El origen de la palabra amor se encuentra en el etrusco, una lengua que nadie ha podido descifrar. Como los romanos no querían deberle nada a nadie (o al menos a sus benefactores directos), destruyeron todo vestigio y tradición asociada con ese pueblo de artistas y adivinos que no sólo fue responsable de la fundación de Roma, también de lo poco de trascendental que tuvo ese imperio que nos legó el materialismo. El misterio que rodea al etrusco (y la palabra “misterio” también tiene origen etrusco), quizá sirva para explicar por qué no hemos podido llegar a una definición satisfactoria del amor. Una cosa es clara, tanto para los griegos como para los romanos, el amor y el matrimonio eran cosas que nunca marchaban de la mano. De Rougemont encuentra el origen del amor romántico en el sur de Francia, a comienzos del siglo doce, en una revolución de los modales que con el tiempo se ha conocido como Amor Cortés. Impulsada en buena parte por Leonor de Aquitania, en una corte a la que acudía gente de todos los rincones de Europa, esta idea del amor promulgaba las virtudes de los amores imposibles o llenos de obstáculos.
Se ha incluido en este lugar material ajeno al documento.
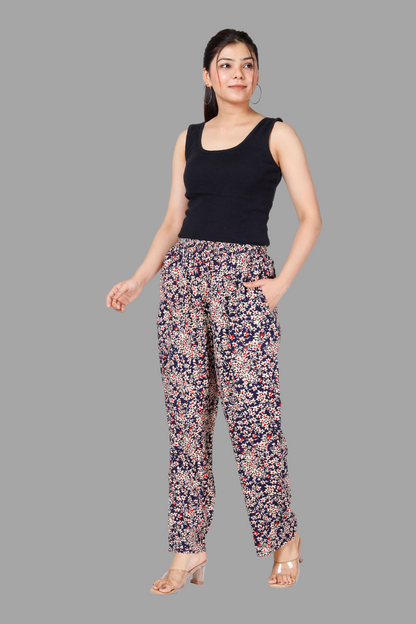 House of RP Women's Multicolor Rayon Printed Trousers - Distacart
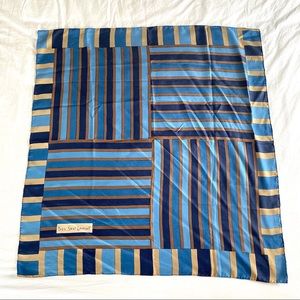 YSL Yves Saint Laurent Vintage Unique Blue Scarf
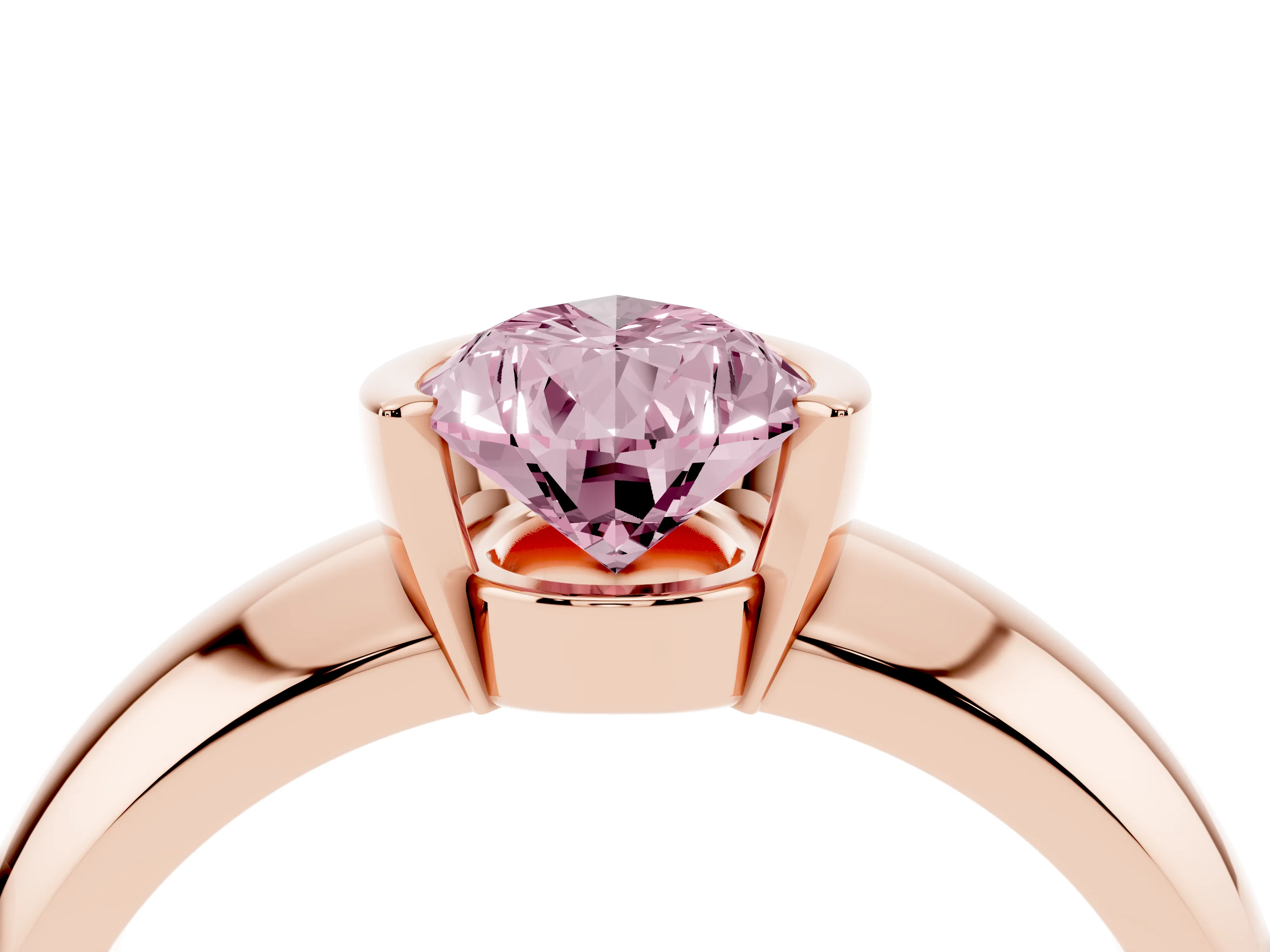 Fancy Pink Pear Cut Diamond Solitaire Tension Set Ring Set in Rose gold with Wide Band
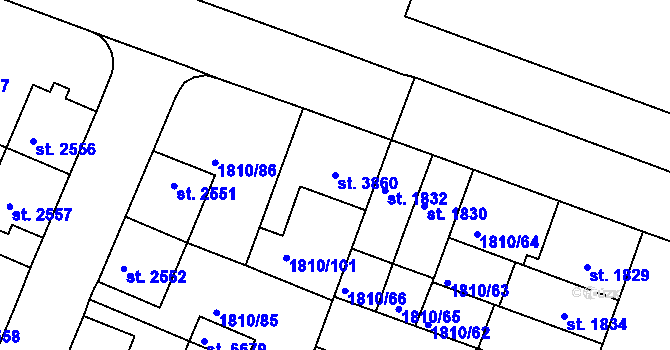 Parcela st. 3860 v KÚ Písek, Katastrální mapa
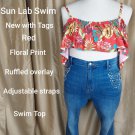 New with tags Sun Lab red floral print swim top size XL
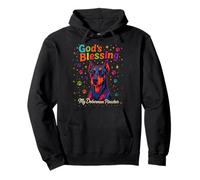 God's Blessing Doberman Pinscher Faith Colorful DOT Design Felpa con Cappuccio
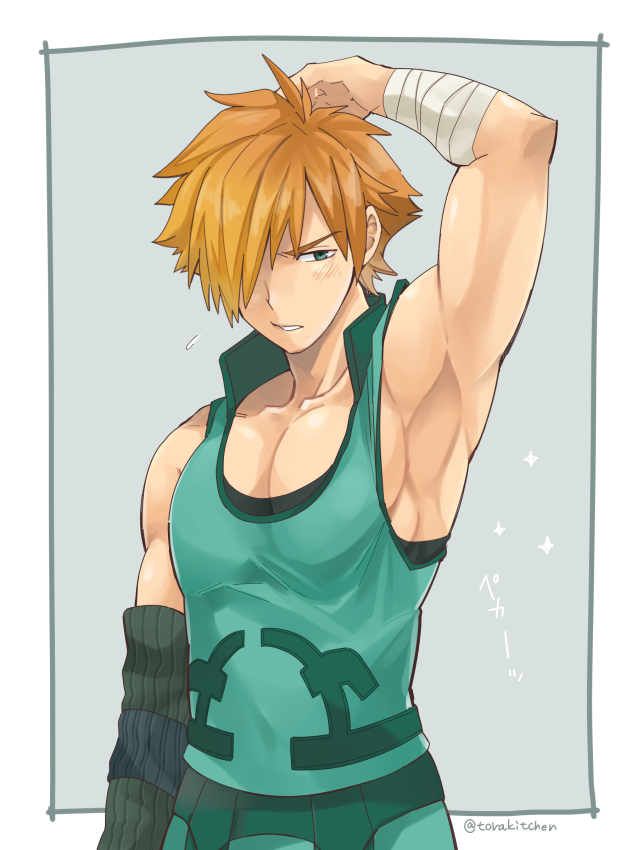 1boy arm_up armpits blush border fate/extra fate_(series) green_eyes grey_background hair_over_one_eye male_focus orange_hair pectorals robin_hood_(fate) short_hair simple_background sleeveless sparkle torakichi_(ebitendon) twitter_username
El símbolo de este amor fueron Tristán e Isolda y la gracia del asunto, la elevación espiritual que producía, estaba en el cultivo de las ganas sin preocuparse por saciarlas. De Rougemont no vacila al señalar una conexión directa entre el amor cortés y la secta hereje de los albigenses, quienes desa­parecieron por dos causas poderosas: las persecuciones de la ortodoxia y su propia nega­tiva a consumar el acto sexual, porque les parecía cosa del diablo. Hereje o no, la idea de un amor poblado de obstáculos, de amantes cuya única unión posible se encuentra más allá de la muerte, ha sido el tema recurrente en las representaciones del amor hasta nuestro tiempo.
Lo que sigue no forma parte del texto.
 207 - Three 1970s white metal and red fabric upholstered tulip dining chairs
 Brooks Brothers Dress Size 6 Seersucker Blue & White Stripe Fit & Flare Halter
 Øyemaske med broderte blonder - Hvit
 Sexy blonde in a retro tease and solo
Al principio la gente trató de asimilar esta forma de vida separando las cosas. Los caballeros realizaban ha­zañas a nom­bre de sus amadas, pero eso no les impedía tener una esposa a la que visitaban de vez en cuando para reponerse de los traji­nes y dejar una semilla. El mismo Dante, que llegó a escribir un libro monumental inspirado en una Beatriz a la que vio pocas veces, tenía esposa e hijos que la historia ha olvidado. Pero los problemas verdaderos comenzaron cuando la gente empezó a casarse por amor. Uno de los primeros matrimonios por amor de que tenemos noticia fue el de Enrique VIII con Ana Bolena, quien murió decapitada después de tres años. El amor Román­tico es una droga que, como todas las drogas, exige de sus vícti­mas cada vez dosis mayores. Cuando el amor y el matri­monio se combinan surge una paradoja sin solución. ¿Cómo puede ser imposible una persona que de repente se ha vuelto molestamente posible? ¿Cómo encontrar distancia si a veces las parejas no saben de quién es la pierna que tocan debajo de las sábanas? Para Denis de Rougemont, eso explica por qué casi todas las historias de amor terminan justo el día del matrimonio. Superados los obstáculos no queda nada más por alcanzar. Tanto la vida como el amor romántico concluyen entre ritos funerarios.